Der grösste Stromausfall seit über 20 Jahren
24.08.2021 Aktuell, Foto, Region, Burgdorf, GesellschaftAm vergangenen Montagmittag bot sich in Burgdorf ein seltsames Bild. Zwar war es schon Zeit für die Mittagspause, doch standen etwa im Industriegebiet Buchmatt bei vielen Unternehmen die Mitarbeiterinnen und Mitarbeiter leicht verwirrt vor den Gebäuden, statt in die verdiente Pause zu gehen. Anstelle von geschäftigem Treiben herrschte eine ungewohnte Stille. Kein Licht brannte in den Firmen, Computer und Maschinen standen still. Dasselbe Bild bot sich überall in der Stadt, etwa auch vor Supermarktfilialen – dunkle Innenräume, Leute stehen herum, niemand weiss genau, was los ist. Nur etwas war klar – ab circa 12.05 Uhr floss kein Strom mehr. Da half nichts, auch das Mobilfunknetz war teilweise komplett ausgefallen oder schlicht überlastet. Doch eine Firma arbeitete unter Hochdruck – die Localnet AG war mitten in der Aufklärungsarbeit und setzte alles daran, den Strom so schnell wie möglich wieder ans Netz zu bringen.
Ein Unglück im Ausnahmefall
Selbst Localnet-CEO Urs Gnehm wurde vom «Blackout» mitten in der Mittagspause erwischt. «Als wir im Restaurant angekommen sind, haben wir bemerkt, dass alles dunkel war. Da war für uns klar, dass wir direkt zurück an die Arbeit müssen», erzählt Gnehm im Telefongespräch. Schnell konnte festgestellt werden, wo das Problem liegt – ein technischer Defekt in der Hochspannungsanlage der BKW in der Unterstation an der Heimiswilstrasse. Durch diese Störung einer wichtigen Netz-Ausspeisung war nicht nur die Localnet AG, sondern auch die Gemeinden Heimiswil, Oberburg und Hasle bei Burgdorf vom Stromausfall betroffen. Schwieriger wird die Frage zum «Warum?», wie Gnehm vergangene Woche erklärte: «Wir haben zwar Vermutungen, aber was genau zum Unterbruch geführt hat, können wir noch nicht mit Klarheit sagen. Die Untersuchung wird noch einige Tage in Anspruch nehmen.»

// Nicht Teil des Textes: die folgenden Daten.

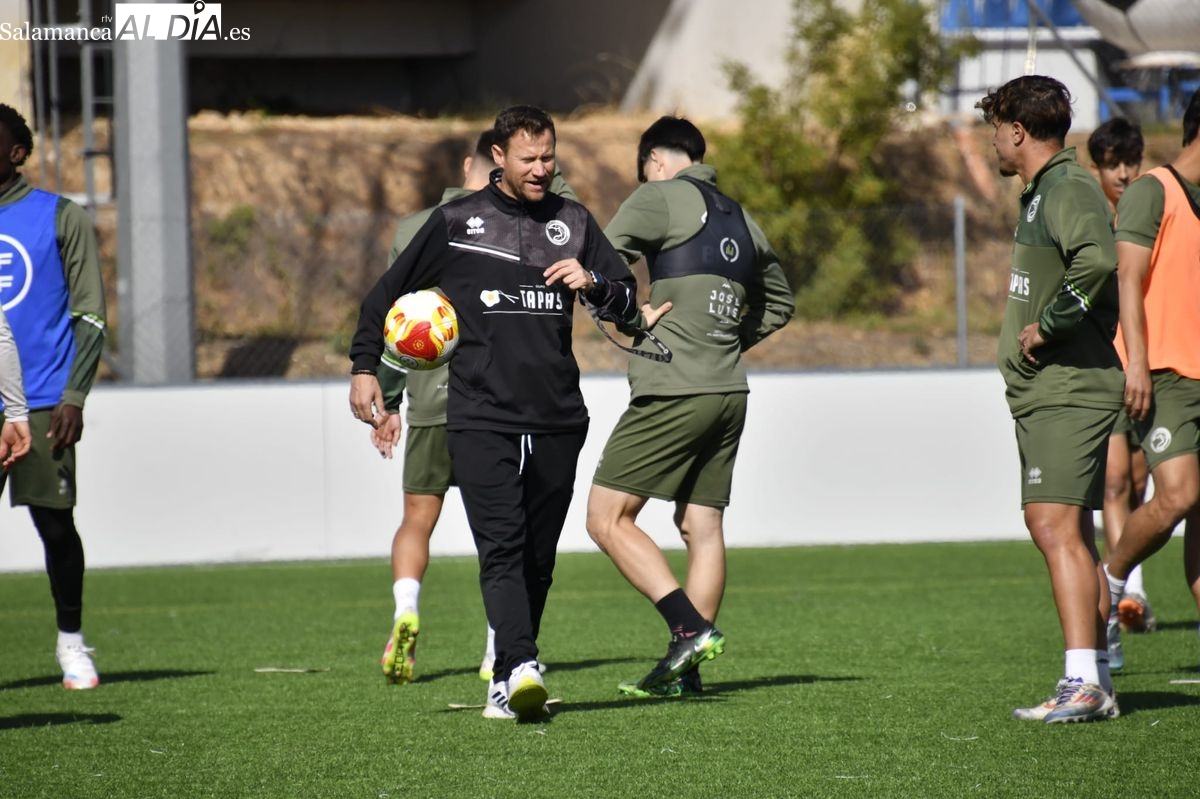 FOTOS | El sello de Mario Simón en los entrenamientos de Unionistas: alta intensidad y motivación constante para los jugadores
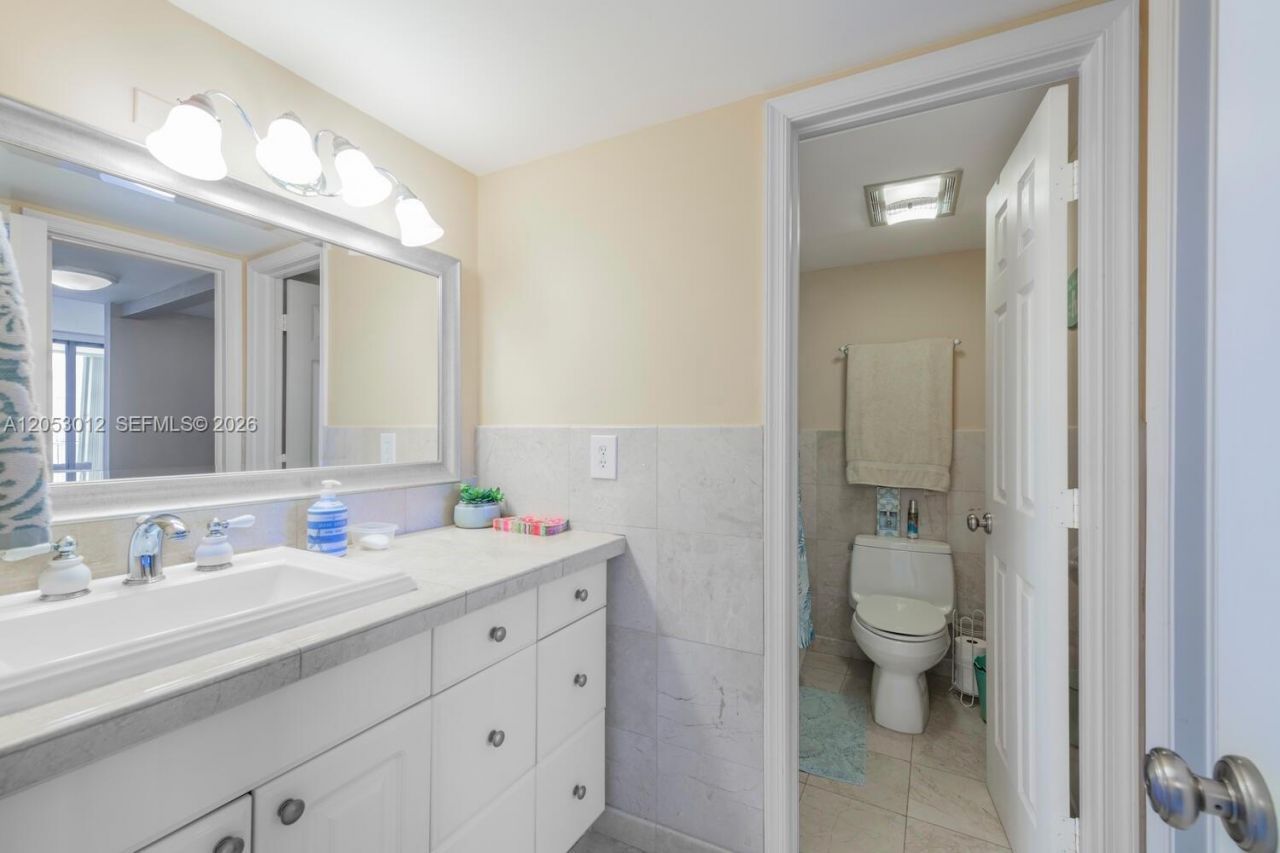 3590 S Ocean Blvd , Unit 707, South Palm Beach, FL 33480 Photo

Dass es überhaupt zu einem Totalausfall des Burgdorfer Stromnetzes kam, ist in einer äusserst unglücklichen Kombination eines Ausnahmefalls und einer gehörigen Portion Pechs zu finden. Normalerweise wird das Stromnetz der Stadt Burgdorf von zwei Unterstationen (Heimiswil und Buchmatt) gespiesen. Wird eine Unterstation durch ein Problem lahmgelegt, fällt schlimmstenfalls nur ein Teil des Stromnetzes der Stadt aus. In einem solchen Fall kann das ganze Burgdorfer Stromnetz auf die noch funktionierende zweite Unterstation umgeschaltet werden.
Am Montag war aber kein «normaler» Tag. Durch ein grösseres Umbauprojekt an der Unterstation Buchmatt wurde die gesamte Stromzufuhr von Burgdorf über die Unterstation Heimiswil geleitet. «So eine Situation betrifft in 20 Jahren vielleicht ein bis zwei Monate», führt Gnehm aus. So muss man wirklich von Pech reden, dass genau in einer solch aussergewöhnlichen Situation ein Problem in eben jener Unterstation auftauchte. Die Localnet AG sei mit Notfallszenarien für solche Zwischenfälle gewappnet, wie Gnehm erklärt, doch bevor man das Stromnetz wieder hochfahren konnte, musste zuerst die Störung lokalisiert werden. Die Situation verkomplizierte sich weiter, da in der Unterstation ein Kurzschluss zu Rauchentwicklung führte. Die Feuerwehr musste das Gebäude zuerst sichern und den Rauch beseitigen. Erst danach konnten Verantwortliche der BKW und der Localnet AG das Gebäude betreten und das Ausmass des Schadens abschätzen. Der Defekt war jedoch zu gross für eine erneute lokale Einschaltung. So wurde entschieden, das gesamte Netz so rasch wie möglich auf die vorhandene Noteinspeisung in der Unterstation Buchmatt umzuschalten. «Im Normalzustand, d. h. bei einem Ausfall einer der beiden Einspeisungen, wäre ein Stromausfall in 30 bis 60 Minuten behoben. Weil aber durch den Spezialfall nicht nur das halbe, sondern das ganze Netz umgeschaltet werden musste, kam es zu einer unüblichen Dauer von bis zu zwei Stunden», so Gnehm. «Die ersten Kunden konnten wir nach rund einer Stunde wieder mit Strom beliefern, ab 14.00 Uhr waren etwa 95 Prozent wieder versorgt.» Einzig am Spyriweg in Burgdorf brauchte man etwas mehr Geduld. Durch einen (als Folge der Störung verursachten) Kabelschaden verzögerte sich das Hochfahren in diesem Gebiet um eine weitere Stunde.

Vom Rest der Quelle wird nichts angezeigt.